The object used to store experiences collected by agents in the environment is called the Experience Replay Buffer, and is defined by the class MultiAgentReplayBuffer() for
multi-agent environments. During training it can be added to using the MultiAgentReplayBuffer.save_to_memory() function and sampled using the MultiAgentReplayBuffer.sample().
from agilerl.components.multi_agent_replay_buffer import MultiAgentReplayBuffer
field_names = ["state", "action", "reward", "next_state", "done"]
memory = MultiAgentReplayBuffer(
INIT_HP["MEMORY_SIZE"],
field_names=field_names,
agent_ids=INIT_HP["AGENT_IDS"],
device=device,
)
Training Loop¶
Now it is time to insert the evolutionary HPO components into our training loop.
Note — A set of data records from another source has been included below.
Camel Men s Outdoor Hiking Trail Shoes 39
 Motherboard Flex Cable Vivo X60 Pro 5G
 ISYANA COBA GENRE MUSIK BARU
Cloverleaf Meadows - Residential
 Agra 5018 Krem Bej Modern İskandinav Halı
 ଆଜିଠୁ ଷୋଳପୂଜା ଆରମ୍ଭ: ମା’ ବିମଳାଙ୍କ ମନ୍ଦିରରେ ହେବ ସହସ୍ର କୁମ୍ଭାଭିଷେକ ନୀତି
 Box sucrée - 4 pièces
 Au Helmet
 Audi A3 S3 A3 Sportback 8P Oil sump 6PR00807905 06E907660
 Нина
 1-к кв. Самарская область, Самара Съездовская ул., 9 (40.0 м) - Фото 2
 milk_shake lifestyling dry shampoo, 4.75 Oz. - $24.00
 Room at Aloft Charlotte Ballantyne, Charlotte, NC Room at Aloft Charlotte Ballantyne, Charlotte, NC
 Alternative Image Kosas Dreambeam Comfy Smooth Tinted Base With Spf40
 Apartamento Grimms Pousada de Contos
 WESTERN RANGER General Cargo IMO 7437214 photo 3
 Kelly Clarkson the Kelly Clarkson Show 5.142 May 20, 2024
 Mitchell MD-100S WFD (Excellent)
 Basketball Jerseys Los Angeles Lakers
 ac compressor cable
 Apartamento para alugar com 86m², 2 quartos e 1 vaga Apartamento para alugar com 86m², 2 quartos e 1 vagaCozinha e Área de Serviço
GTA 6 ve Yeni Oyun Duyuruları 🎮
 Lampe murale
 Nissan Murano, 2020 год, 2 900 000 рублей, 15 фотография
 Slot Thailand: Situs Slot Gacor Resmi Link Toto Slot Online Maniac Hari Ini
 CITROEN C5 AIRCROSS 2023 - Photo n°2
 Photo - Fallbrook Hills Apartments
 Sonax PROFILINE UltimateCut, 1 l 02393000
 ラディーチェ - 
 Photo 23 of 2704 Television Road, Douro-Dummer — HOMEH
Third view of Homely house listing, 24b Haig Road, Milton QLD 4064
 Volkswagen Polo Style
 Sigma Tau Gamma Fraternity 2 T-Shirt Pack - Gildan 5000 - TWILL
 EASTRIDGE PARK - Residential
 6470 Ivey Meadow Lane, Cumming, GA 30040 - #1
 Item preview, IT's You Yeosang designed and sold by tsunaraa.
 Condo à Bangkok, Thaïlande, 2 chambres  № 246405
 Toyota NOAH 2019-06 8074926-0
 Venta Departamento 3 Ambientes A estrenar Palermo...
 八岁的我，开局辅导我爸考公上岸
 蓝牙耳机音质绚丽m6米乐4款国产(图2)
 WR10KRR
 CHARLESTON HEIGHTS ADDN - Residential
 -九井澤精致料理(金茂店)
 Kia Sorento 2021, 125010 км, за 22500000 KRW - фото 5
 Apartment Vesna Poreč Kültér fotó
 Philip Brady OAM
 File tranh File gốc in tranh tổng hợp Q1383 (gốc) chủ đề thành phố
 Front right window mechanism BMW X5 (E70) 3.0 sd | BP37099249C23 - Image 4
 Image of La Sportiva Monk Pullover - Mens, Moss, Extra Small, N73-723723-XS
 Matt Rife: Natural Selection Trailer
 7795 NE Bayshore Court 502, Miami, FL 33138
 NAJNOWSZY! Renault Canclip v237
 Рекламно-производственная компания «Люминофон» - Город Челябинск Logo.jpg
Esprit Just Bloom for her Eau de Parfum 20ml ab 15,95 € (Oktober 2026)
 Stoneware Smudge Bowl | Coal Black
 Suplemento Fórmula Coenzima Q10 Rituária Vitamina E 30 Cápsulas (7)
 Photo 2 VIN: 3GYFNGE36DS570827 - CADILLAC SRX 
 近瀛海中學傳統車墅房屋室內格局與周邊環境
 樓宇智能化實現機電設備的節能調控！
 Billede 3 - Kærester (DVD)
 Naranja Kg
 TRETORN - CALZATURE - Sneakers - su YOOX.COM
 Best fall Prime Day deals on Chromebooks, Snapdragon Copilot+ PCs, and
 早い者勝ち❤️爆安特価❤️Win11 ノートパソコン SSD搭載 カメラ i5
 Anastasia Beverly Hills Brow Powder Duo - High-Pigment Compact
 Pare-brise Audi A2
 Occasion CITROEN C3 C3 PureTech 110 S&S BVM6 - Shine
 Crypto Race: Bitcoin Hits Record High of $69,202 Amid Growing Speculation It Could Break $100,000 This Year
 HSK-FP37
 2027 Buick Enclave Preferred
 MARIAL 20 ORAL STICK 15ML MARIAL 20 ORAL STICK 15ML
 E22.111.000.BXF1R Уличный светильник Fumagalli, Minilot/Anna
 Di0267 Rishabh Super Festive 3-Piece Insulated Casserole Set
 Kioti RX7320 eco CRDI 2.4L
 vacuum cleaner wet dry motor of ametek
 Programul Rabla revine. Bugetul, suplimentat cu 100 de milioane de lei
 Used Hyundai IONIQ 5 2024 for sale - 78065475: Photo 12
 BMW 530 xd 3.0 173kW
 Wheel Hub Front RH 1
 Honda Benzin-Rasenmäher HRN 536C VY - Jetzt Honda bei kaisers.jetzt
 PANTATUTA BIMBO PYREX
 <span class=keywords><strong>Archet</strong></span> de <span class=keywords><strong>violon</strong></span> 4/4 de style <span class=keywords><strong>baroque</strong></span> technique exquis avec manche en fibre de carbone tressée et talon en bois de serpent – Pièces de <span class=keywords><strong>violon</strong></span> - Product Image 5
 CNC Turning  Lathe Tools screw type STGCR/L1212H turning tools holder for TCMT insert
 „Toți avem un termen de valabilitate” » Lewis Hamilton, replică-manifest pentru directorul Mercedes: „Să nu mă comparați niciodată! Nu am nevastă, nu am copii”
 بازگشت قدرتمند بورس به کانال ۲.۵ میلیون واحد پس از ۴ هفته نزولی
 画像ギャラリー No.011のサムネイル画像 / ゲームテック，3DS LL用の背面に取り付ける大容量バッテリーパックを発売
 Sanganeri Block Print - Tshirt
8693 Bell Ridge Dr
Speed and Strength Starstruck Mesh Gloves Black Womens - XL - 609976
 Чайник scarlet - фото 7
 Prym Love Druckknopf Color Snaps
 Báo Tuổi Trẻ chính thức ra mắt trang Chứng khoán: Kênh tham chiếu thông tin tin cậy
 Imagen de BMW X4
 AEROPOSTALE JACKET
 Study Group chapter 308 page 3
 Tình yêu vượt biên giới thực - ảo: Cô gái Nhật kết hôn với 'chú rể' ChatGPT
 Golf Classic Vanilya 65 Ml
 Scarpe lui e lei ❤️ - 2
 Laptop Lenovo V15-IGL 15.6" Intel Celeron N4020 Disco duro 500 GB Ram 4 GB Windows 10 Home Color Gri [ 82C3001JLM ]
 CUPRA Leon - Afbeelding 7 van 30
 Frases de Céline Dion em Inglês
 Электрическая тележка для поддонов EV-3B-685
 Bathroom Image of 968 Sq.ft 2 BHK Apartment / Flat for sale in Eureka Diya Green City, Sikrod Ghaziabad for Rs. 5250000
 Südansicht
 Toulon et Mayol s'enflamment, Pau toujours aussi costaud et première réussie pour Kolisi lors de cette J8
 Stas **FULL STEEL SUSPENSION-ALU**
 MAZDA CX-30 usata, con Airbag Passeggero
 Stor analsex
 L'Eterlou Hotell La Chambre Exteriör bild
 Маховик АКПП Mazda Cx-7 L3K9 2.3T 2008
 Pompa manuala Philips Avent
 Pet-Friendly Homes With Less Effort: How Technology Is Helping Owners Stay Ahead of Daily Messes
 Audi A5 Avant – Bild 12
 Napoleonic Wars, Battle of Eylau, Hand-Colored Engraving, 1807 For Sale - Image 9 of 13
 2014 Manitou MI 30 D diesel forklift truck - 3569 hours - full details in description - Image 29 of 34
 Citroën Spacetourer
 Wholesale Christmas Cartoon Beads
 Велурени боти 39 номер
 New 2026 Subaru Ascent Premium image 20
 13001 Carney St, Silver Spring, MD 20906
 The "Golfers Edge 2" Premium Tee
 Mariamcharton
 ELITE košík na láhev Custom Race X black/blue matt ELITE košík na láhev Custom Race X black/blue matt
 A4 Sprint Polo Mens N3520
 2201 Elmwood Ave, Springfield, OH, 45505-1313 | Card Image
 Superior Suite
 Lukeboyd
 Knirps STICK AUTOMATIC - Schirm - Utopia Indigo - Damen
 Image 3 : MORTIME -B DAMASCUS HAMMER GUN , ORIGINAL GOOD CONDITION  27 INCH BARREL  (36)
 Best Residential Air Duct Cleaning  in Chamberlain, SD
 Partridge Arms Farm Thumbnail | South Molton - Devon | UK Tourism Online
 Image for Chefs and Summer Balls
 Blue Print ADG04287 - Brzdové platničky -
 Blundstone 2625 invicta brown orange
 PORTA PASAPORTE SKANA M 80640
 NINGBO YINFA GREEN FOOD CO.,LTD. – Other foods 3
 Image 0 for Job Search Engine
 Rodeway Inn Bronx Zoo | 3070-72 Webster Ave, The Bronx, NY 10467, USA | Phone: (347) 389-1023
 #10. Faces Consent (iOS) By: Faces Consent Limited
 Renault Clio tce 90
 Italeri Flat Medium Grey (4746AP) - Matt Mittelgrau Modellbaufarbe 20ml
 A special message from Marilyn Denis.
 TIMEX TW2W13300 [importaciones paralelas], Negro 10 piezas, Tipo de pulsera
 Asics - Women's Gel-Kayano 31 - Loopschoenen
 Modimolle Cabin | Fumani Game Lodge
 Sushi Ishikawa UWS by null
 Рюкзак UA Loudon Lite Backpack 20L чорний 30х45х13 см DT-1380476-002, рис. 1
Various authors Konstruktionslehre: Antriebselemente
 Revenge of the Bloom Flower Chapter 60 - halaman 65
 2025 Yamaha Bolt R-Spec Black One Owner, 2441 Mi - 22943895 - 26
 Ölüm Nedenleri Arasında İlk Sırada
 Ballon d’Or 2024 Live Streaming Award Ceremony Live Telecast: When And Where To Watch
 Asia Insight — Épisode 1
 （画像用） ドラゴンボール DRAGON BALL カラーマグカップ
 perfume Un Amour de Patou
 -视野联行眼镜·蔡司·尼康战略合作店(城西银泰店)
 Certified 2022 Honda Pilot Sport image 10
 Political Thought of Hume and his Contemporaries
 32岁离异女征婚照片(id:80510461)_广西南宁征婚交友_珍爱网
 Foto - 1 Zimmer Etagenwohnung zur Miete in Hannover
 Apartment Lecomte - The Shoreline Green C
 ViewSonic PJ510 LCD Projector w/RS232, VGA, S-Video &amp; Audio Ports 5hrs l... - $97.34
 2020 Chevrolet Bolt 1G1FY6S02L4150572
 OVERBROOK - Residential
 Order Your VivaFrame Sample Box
If you are using a Gym-style environment (e.g. pettingzoo
for multi-agent environments) it is easiest to use train_multi_agent_off_policy(),
which returns a population of trained agents and logged training metrics.
from agilerl.training.train_multi_agent_off_policy import train_multi_agent_off_policy
trained_pop, pop_fitnesses = train_multi_agent_off_policy(
env=env, # Pettingzoo-style environment
env_name='simple_speaker_listener_v4', # Environment name
algo="MADDPG", # Algorithm
pop=pop, # Population of agents
memory=memory, # Replay buffer
INIT_HP=INIT_HP, # IINIT_HP dictionary
net_config=NET_CONFIG, # Network configuration
max_steps=2000000, # Max number of training steps
evo_steps=10000, # Evolution frequency
eval_steps=None, # Number of steps in evaluation episode
eval_loop=1, # Number of evaluation episodes
learning_delay=1000, # Steps before starting learning
target=-30.0, # Target score for early stopping
tournament=tournament, # Tournament selection object
mutation=mutations, # Mutations object
wb=False, # Weights and Biases tracking
)
Alternatively, use a custom training loop. Combining all of the above:
Custom training loop
import numpy as np
import torch
from pettingzoo.mpe import simple_speaker_listener_v4
from tqdm import trange
from agilerl.components.multi_agent_replay_buffer import MultiAgentReplayBuffer
from agilerl.hpo.mutation import Mutations
from agilerl.hpo.tournament import TournamentSelection
from agilerl.utils.utils import create_population, default_progress_bar
from agilerl.vector.pz_async_vec_env import AsyncPettingZooVecEnv
device = torch.device("cuda" if torch.cuda.is_available() else "cpu")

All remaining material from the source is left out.